ASSIGNMENT
Exact copies of the records below are needed, free of pictures.

LISTED RECORDS
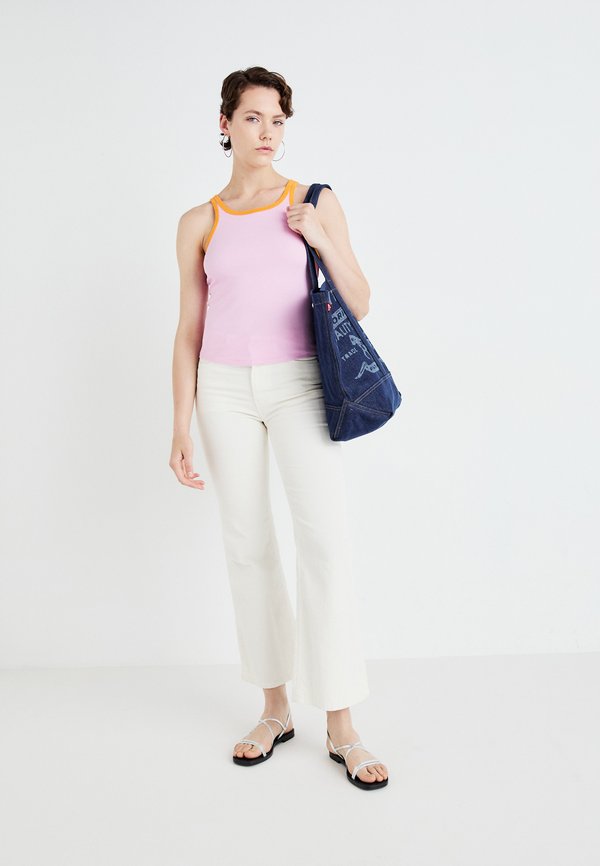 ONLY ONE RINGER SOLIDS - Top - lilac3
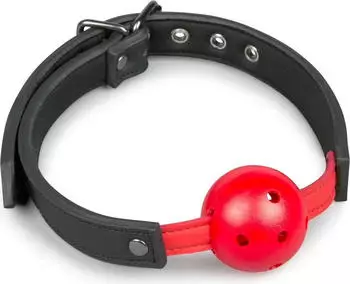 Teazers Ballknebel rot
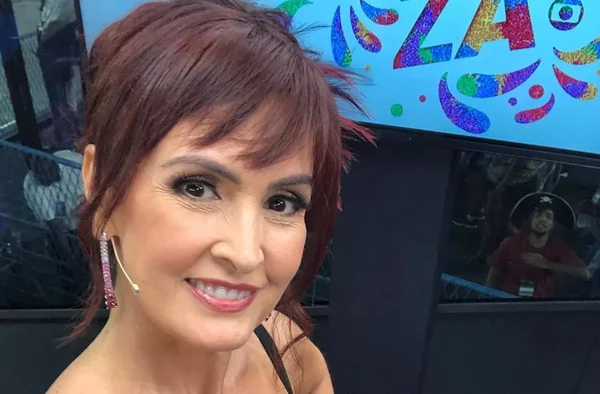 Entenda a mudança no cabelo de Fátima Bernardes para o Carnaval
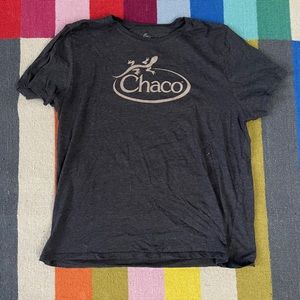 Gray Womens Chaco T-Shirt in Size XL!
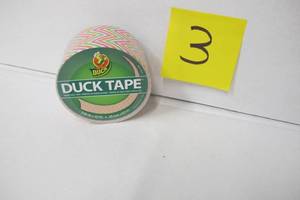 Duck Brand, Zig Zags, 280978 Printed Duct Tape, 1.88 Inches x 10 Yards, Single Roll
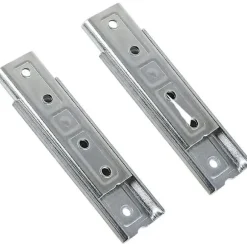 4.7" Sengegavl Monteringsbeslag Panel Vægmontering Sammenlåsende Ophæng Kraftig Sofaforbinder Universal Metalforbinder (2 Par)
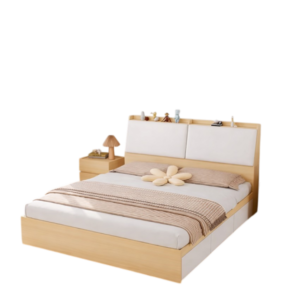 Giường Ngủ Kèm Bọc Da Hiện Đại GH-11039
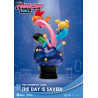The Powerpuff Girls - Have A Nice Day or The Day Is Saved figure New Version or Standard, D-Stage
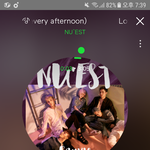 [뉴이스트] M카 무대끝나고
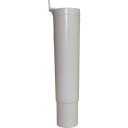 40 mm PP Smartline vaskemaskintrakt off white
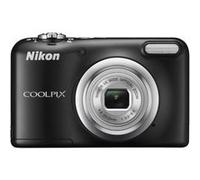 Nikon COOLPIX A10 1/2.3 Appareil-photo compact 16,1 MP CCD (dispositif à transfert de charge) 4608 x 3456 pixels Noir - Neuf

SOLUTION FOR THIS PROBLEM
 ONLY ONE RINGER SOLIDS - Top - lilac3
 Teazers Ballknebel rot
 Entenda a mudança no cabelo de Fátima Bernardes para o Carnaval
 Gray Womens Chaco T-Shirt in Size XL!
 Duck Brand, Zig Zags, 280978 Printed Duct Tape, 1.88 Inches x 10 Yards, Single Roll
 4.7" Sengegavl Monteringsbeslag Panel Vægmontering Sammenlåsende Ophæng Kraftig Sofaforbinder Universal Metalforbinder (2 Par)
 Giường Ngủ Kèm Bọc Da Hiện Đại GH-11039
The Powerpuff Girls - Have A Nice Day or The Day Is Saved figure New Version or Standard, D-Stage
 [뉴이스트] M카 무대끝나고
 40 mm PP Smartline vaskemaskintrakt off white
 Nikon COOLPIX A10 1/2.3 Appareil-photo compact 16,1 MP CCD (dispositif à transfert de charge) 4608 x 3456 pixels Noir - Neuf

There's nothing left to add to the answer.